By Sam Dragga, Editor
This issue of Technical Communication includes the winning illustration in the journal’s inaugural cover competition. Impressive, don’t you think?
Responding to a call for illustrations that address “The Future of Technical Communication,” a wide array of graphic artists, working individually and collaboratively, in academic and industry environments, submitted a total of 35 illustrations. A five-member international jury reviewed the entries and identified the winner and four honorable mentions (see following pages). I think the addition to the journal of this new section allows us to seize the creative opportunity of a cover that changes with each issue as well as to emphasize the capacity of visual communication to inspire critical thinking and influence research. The five illustrations in this issue offer us a splendid initiation and establish a high standard for all following competitions. (The competition for the May 2016 issue closed on January 1, and the competition for August 2016 is in progress.)
In addition, three important articles grace this issue. While the cover offers a vision of the evolving field of technical communication, Mats Broberg chronicles a lively history with a documentation management system in “A Decade of XML—And A New Procurement and Lessons Learned”—a continuation of his 2004 article in this journal, “A Successful Documentation Management System Using XML” (51.4: 537–546). Broberg’s article makes clear that a universal verity applies also to us as technical communicators: knowing where we’re going is contingent on realizing—as precisely as possible—where we’ve been.
The field of technical communication, however, has always been receptive to continuing challenges to existing practice—a trait that keeps us poised and vigorous. In “Structured Authoring without XML: Evaluating Lightweight DITA for Technical Documentation,” Carlos Evia and Michael Priestley propose a new direction for the field. Theirs is a feasibility study of using HDITA (i.e., a lightweight version of DITA using HTML5 tags and attributes) to simplify the authoring process for technical documentation. Evia and Priestley test their hypothesis on a class of student writers and report positive findings, both in attitudes about HDITA and in evaluation of the projects created using it.
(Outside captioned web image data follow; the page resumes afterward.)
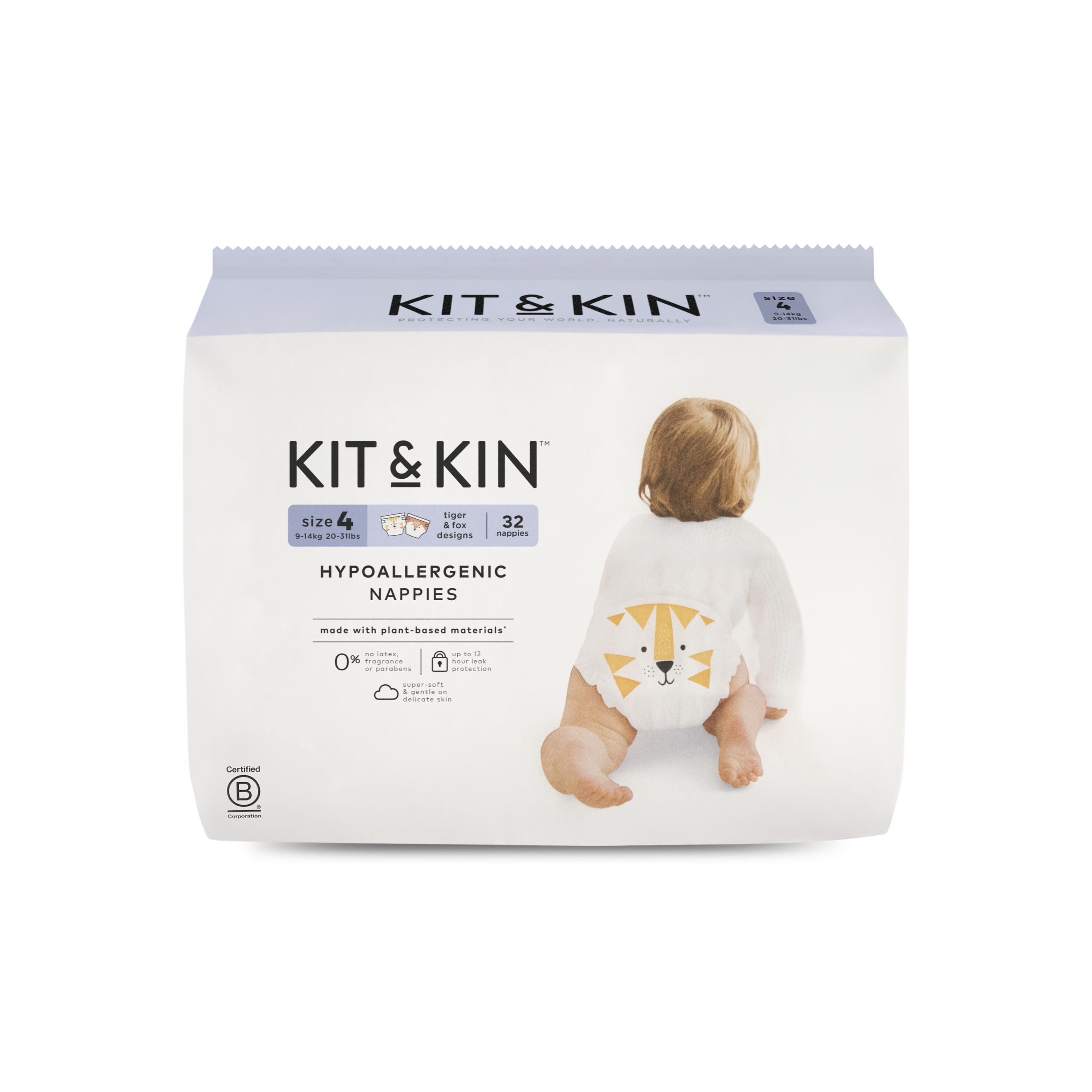 KIT and KIN hipoalerginės latekso ir chloro neturinčios lipnios sauskelnės su tigro ir lapės dizainu, dydis 4 (9-14 kg), 32 vnt.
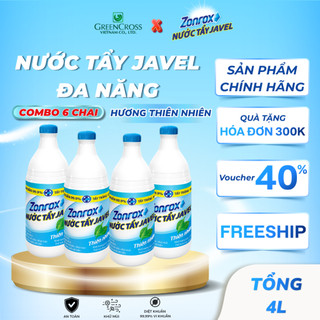 Combo 4 Chai Nước Tẩy Đa Năng ZONROX JAVEL 6in1 1L - Đánh Bay Vết Bẩn Khử Mùi Hiệu Quả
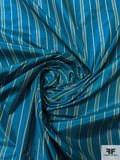 Vertical Striped Yarn-Dyed Silk Taffeta - Teal-Blue / Taupe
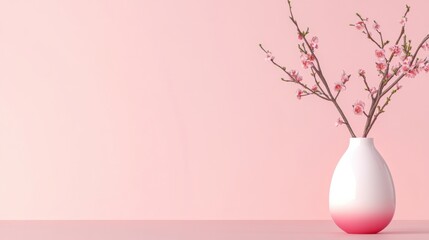 Chinese New Year, cherry blossoms blooming with copy space, symbolizing a bloom of romantic luck: embracing beautiful love.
The field of technical communication is also making progress in the direction of greater dexterity with intercultural communication and greater sensitivity to linguistic, economic, social, and religious diversity. In periods of rising international tensions and anxieties driven by wars, terrorist activity, migrations, famines, droughts, and climate change, technical communicators might exemplify how to cultivate judicious inquiry and compose lucid information on a foundation of scientific evidence and humanitarian principles. Josephine Walwema’s “Tailoring Information and Communication Design to Diverse International and Intercultural Audiences: How Culturally Sensitive ICD Improves Online Market Penetration” guides us in that direction. Examining the Souq.com shopping website (headquartered in the United Arab Emirates), Walwema discovers that the universal principles of Information and Communication Design (ICD) offer a noteworthy but insufficient basis for creating information suited to local users. Knowledge of indigenous traditions and practices also is key to effective technical communication.
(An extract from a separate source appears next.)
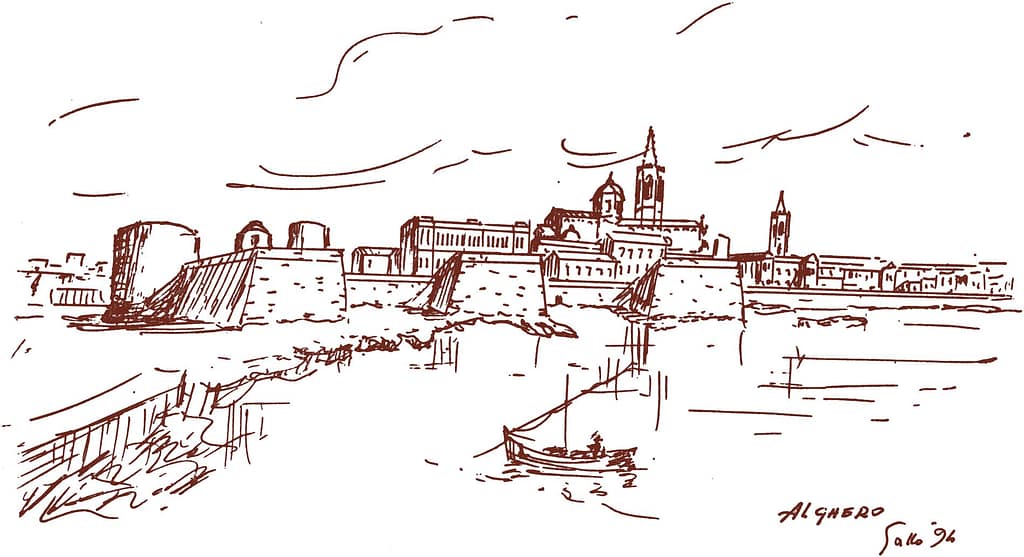Schizzo dei bastioni e del porto di Alghero realizzato da don Gallo.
The issues addressed in research journals, however, are typically researcher-initiated: that is, motivated by the academic or industry objectives of the researcher. Could we also consider as a potential new direction the opportunity for subscriber-initiated research? What are research questions you would appreciate getting answers to? What are the research projects that you have neither the time nor the resources to address but that you believe are important for the field to investigate? What are the research articles you would appreciate finding in this journal? And would researchers pick up the projects that subscribers propose?
For example, every public university in Texas has been developing a policy to regulate the carrying of concealed weapons on campus. (A new Texas law dictating that public universities must allow this concealed carry of weapons takes effect on August 1 of this year.) This extraordinary and simultaneous effort by multiple institutions—each devising regulations tailored to its unique environment, population, and safety considerations—offers a singular opportunity to examine how policy is generated. I would genuinely appreciate a thoroughgoing comparative analysis of the university policies that have been written on this subject, especially regarding who participated in the writing of the policies. Were technical communicators engaged in this effort? I think the inclusion or exclusion of technical communicators in the writing of policies with life-or-death implications might be a salient indicator of the visibility (or invisibility) of the field as a vital contributor to the administration of academic institutions. And at least two related questions deserve answers: 1) How does this inclusion/exclusion correlate with policies that students, faculty, and staff judge easy-to-read and easy-to-understand versus complicated and confusing? and 2) Does inclusion of technical communicators lead to more or less cooperation with policies by students, faculty, and staff of the university? (I would also appreciate studies assessing the ethics and efficacy of concealed-carry practices or the academic impact of allowing weapons in classrooms, but each is likely a topic for a different research journal.)
This is my list of desired research projects. What’s yours?